- _ENTRIES SUPPLIED_
╔══

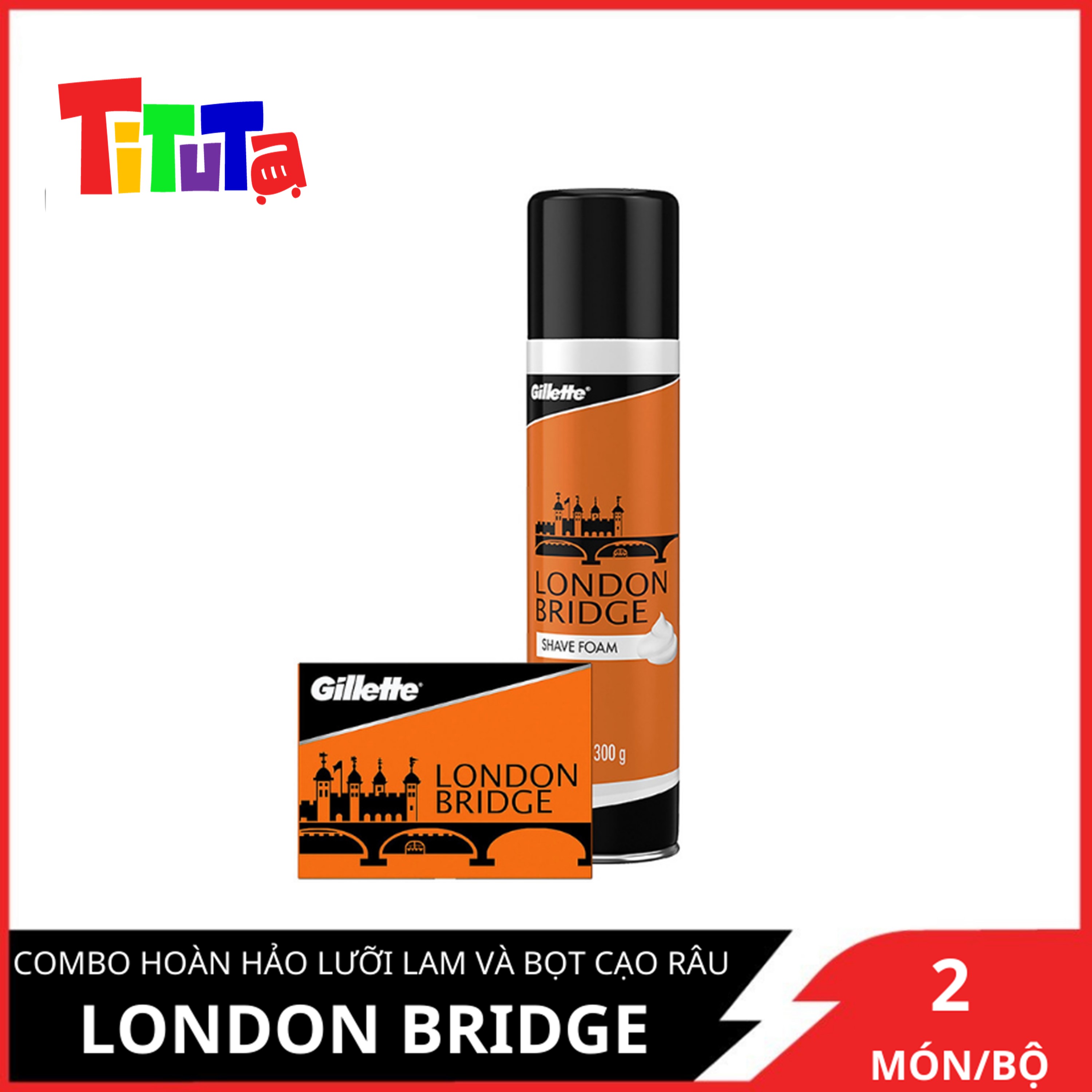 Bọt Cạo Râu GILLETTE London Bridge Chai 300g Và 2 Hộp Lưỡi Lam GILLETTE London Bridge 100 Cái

╚══
╔══

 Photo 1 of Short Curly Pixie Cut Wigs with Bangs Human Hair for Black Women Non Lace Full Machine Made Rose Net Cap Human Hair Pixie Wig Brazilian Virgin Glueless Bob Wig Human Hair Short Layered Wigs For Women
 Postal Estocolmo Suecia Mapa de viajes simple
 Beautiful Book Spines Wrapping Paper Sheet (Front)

╚══

- _BRIEF_
Look above for the line holding "Postal Estocolmo Suecia" and the line holding "Beautiful Book Spines". Retype both, and every line between them, word for word and nothing else.

- _OUTPUT OF THE EXERCISE_
 Postal Estocolmo Suecia Mapa de viajes simple
 Beautiful Book Spines Wrapping Paper Sheet (Front)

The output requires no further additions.